At my interview, Dave, the young director (who, I would later learn, took his job to a whole new, obsessive level) drove home a few points that he seemed to feel really passionate about.

“You will have to scrub, and mop and pick gross things up. And you will have to sink your hand in to a few toilets, understand? This isn’t a pretty job,” he said with a stern glare. I could see that he was trying to weed out the weaklings.

I was hired and given a uniform just a few days later. The shorts were ill-fitting and the T-shirts came only in sizes large and extra-large, but this was the coolest dress in town. It made a distinction between us lifeguards as the superior (paid) rulers of the pool, and the rest of the pool’s patrons.

Though the majority of my hours at work were spent scanning the pool for weak swimmers, checking out the odd behavior of sunbathers, and barking at little kids for running on the pool deck, much of the work, as Dave promised, was of the unglamorous kind. Our maintenance routine included the use of harsh chemical cleansers, bulky tools and duct tape. As a group, we would arrive early before opening to scrub and brush the dirt and grime that accumulated on the tiles of the pool. Often, one of the more determined guards would be encouraged to strap on a weighted diving belt and descend to the bottom of the deep end to reach the farthest bits of grime, or to plunge in with cumbersome tools for one of Dave’s underwater fix-it projects. Sound a bit unsafe? You bet it was, but we did it anyway—all under the disapproving eye of the elderly water-aerobics instructor, who would often pause her class to loudly voice her opinion on our supposed inability to clean.

“That’s right!” she would yell with zeal. “Put those lazy kids to work!”

Nevertheless, I have good memories of those summer days at the pool, most involving the feeling of the sun, which would beat down on my tan toes, the only bit to stick out of the shadow of the guard stand’s umbrella. Since relocating to upstate New York, I’ve almost forgotten the feeling of the Florida summers, and the unique humid winds that would sweep over the pool moments before the inevitable afternoon storm. The enormous black clouds of thunder and lightening would appear out of nowhere and roll across the sky in a matter of minutes, a sight both terrifying and exciting for those of us huddled in the guard room watching the storm’s progress. Also disappeared into a memory is my once-dark tan that would fade just in time for the next summer to renew it.

Like most jobs, lifeguarding at the public pool had its share of special, secret perks, available only to the few chosen ones. For us, it was the fun we had when the pool would shut down during those torrential downpours. After clearing swimmers out of the pool and off the deck, we would mess around in the guardroom, often playing with the cool stuff in the first-aid kits, like the rubber gloves we used as makeshift water balloons that roughly resembled cow udders when filled. When that got boring, it was time to order take-out food, divvy cleaning tasks or practice CPR on the slack-jawed plastic training dummies.

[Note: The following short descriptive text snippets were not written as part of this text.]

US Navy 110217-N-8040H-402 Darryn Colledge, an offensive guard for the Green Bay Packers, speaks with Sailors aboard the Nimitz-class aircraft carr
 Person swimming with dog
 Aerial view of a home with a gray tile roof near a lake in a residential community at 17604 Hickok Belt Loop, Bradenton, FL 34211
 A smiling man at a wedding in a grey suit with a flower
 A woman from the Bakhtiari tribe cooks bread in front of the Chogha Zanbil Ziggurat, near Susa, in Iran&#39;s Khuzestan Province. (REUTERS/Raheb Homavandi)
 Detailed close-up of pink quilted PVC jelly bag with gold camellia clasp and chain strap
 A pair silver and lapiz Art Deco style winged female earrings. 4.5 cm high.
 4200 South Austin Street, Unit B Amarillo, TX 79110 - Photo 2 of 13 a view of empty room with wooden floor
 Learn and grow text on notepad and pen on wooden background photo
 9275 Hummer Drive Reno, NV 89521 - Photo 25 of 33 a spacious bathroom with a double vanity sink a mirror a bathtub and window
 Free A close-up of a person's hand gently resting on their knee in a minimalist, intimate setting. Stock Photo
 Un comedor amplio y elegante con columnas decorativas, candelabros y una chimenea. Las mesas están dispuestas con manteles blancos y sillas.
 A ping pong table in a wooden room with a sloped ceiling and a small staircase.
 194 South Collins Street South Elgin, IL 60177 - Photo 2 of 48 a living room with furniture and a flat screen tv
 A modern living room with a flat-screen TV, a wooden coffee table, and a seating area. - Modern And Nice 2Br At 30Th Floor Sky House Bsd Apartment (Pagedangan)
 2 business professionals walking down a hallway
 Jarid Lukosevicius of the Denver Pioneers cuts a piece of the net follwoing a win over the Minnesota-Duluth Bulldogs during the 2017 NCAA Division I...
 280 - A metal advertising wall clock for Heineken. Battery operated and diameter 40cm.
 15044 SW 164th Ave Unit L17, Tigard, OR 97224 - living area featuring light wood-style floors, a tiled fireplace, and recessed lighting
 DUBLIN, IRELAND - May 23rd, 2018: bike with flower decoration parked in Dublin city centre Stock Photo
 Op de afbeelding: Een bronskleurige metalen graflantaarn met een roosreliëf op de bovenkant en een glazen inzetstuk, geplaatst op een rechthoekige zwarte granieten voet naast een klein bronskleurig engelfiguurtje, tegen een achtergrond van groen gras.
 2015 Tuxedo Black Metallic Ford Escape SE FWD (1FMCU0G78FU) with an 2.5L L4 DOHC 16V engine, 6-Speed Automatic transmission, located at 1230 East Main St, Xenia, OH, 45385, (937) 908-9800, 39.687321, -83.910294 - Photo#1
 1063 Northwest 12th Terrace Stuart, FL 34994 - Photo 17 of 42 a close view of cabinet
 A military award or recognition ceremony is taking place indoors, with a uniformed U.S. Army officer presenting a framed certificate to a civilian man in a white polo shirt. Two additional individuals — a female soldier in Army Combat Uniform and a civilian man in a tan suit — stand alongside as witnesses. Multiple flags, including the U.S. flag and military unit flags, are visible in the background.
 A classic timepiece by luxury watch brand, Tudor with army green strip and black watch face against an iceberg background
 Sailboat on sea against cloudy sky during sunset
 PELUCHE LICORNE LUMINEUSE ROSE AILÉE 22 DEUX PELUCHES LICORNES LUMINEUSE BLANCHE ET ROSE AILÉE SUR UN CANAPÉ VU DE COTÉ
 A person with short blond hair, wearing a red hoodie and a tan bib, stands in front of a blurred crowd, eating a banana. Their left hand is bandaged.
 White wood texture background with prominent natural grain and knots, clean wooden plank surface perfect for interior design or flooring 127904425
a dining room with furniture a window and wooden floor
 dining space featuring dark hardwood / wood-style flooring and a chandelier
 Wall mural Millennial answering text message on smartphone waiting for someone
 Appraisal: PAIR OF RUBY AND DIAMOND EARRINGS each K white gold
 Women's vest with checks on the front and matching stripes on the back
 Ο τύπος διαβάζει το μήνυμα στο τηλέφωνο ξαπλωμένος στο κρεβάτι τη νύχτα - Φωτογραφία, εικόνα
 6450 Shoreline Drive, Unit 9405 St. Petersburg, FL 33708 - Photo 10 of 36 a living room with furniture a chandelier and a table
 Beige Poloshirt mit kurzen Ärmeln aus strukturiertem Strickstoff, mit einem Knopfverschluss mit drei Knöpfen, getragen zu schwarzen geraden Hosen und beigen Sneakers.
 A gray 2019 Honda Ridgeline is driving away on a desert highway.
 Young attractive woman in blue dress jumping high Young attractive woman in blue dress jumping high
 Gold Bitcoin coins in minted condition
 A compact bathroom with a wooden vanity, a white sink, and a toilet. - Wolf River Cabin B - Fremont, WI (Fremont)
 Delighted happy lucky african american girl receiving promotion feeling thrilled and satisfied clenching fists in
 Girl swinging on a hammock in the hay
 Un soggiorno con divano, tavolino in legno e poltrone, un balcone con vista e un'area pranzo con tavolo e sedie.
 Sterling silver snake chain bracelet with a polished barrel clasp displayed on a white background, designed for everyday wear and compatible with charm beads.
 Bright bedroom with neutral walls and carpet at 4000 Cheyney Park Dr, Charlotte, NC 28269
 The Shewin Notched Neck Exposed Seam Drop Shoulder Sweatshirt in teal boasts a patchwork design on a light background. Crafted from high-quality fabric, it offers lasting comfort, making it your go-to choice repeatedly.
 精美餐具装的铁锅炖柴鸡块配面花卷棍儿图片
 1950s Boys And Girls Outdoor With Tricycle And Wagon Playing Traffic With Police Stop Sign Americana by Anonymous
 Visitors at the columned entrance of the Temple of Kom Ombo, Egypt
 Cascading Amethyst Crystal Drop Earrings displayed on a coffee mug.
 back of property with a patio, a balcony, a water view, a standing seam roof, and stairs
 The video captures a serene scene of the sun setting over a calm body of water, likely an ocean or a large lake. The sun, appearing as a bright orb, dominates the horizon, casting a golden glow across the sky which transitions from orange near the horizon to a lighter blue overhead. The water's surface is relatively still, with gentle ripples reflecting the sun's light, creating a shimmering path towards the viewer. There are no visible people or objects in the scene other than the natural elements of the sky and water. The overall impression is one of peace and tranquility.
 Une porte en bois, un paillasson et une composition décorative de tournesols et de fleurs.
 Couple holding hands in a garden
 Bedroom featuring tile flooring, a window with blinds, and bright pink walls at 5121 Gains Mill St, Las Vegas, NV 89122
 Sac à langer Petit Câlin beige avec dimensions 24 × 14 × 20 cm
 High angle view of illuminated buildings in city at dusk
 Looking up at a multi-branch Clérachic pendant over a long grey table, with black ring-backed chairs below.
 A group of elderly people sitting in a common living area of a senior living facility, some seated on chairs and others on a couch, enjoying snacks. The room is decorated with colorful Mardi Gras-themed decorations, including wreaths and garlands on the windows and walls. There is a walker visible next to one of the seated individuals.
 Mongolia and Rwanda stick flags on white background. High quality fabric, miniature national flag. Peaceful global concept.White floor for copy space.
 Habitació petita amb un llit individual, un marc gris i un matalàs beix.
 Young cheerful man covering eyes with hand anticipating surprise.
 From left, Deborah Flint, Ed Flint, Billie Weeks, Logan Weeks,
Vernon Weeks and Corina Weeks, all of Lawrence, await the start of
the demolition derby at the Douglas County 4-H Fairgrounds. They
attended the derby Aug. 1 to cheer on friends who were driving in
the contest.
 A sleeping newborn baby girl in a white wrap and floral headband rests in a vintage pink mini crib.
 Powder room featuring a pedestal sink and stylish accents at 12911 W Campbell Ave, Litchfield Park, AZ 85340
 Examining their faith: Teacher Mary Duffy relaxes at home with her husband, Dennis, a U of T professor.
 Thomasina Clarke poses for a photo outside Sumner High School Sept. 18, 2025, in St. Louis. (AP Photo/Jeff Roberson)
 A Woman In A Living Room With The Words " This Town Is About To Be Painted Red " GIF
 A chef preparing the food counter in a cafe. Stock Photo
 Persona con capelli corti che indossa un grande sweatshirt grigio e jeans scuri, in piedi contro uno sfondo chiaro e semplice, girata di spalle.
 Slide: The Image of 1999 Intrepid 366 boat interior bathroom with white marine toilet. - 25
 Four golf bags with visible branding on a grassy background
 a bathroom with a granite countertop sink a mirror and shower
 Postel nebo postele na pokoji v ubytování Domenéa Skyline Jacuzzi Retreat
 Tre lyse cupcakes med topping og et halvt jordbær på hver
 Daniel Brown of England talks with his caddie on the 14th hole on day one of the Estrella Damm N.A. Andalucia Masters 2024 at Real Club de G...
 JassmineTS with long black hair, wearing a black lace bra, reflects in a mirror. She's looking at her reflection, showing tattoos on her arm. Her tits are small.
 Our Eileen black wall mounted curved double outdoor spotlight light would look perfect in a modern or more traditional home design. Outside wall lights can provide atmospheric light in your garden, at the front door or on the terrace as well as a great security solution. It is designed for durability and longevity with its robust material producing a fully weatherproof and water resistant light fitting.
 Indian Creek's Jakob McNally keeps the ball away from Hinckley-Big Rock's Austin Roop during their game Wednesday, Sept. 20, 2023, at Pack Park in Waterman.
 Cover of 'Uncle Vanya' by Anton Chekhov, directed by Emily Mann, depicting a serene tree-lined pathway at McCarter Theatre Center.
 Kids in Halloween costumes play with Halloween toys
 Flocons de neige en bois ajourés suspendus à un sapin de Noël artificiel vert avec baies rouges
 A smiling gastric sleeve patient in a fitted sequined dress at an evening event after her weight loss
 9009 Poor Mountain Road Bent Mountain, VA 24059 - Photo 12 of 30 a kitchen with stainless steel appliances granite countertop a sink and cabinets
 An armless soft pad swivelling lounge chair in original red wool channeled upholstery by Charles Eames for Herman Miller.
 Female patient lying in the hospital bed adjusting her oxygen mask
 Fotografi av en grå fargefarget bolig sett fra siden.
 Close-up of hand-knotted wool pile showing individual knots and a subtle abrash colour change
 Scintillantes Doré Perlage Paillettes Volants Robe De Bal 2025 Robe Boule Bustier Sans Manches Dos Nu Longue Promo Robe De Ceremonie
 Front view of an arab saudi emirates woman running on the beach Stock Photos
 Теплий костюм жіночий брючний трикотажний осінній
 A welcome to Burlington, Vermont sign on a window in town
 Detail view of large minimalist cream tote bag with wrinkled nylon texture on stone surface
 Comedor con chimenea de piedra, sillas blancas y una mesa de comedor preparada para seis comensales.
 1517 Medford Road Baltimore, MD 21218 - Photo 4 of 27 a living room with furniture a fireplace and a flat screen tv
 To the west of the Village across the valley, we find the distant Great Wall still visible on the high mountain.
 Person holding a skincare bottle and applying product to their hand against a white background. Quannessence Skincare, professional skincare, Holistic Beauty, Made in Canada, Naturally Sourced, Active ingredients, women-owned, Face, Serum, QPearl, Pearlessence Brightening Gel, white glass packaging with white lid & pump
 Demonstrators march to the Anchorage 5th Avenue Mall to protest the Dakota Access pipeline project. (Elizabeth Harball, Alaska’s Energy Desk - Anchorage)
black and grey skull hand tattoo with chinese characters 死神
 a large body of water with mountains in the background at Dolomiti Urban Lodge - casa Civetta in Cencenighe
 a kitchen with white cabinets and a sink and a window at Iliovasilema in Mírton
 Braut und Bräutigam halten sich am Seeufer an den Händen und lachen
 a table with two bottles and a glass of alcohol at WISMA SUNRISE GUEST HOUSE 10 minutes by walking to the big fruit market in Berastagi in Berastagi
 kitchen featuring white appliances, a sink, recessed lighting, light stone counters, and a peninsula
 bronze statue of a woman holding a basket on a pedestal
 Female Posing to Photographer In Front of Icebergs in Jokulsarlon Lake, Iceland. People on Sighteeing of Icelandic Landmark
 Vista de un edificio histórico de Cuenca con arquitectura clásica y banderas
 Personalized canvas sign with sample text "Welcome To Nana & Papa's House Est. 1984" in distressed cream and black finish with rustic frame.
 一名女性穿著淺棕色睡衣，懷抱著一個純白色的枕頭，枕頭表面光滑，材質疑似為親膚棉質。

Despite the unidentifiable messes that we had to clean up, the crazy kids we had to control, the sometimes brutal heat that wore us all down at times, and the sobering fact that we might one day be called to save a life, working outside at the public pool made some of my most cherished teenage memories. Not only was it a job that built responsibility and character, it also was just a bunch of fun and free days at the pool.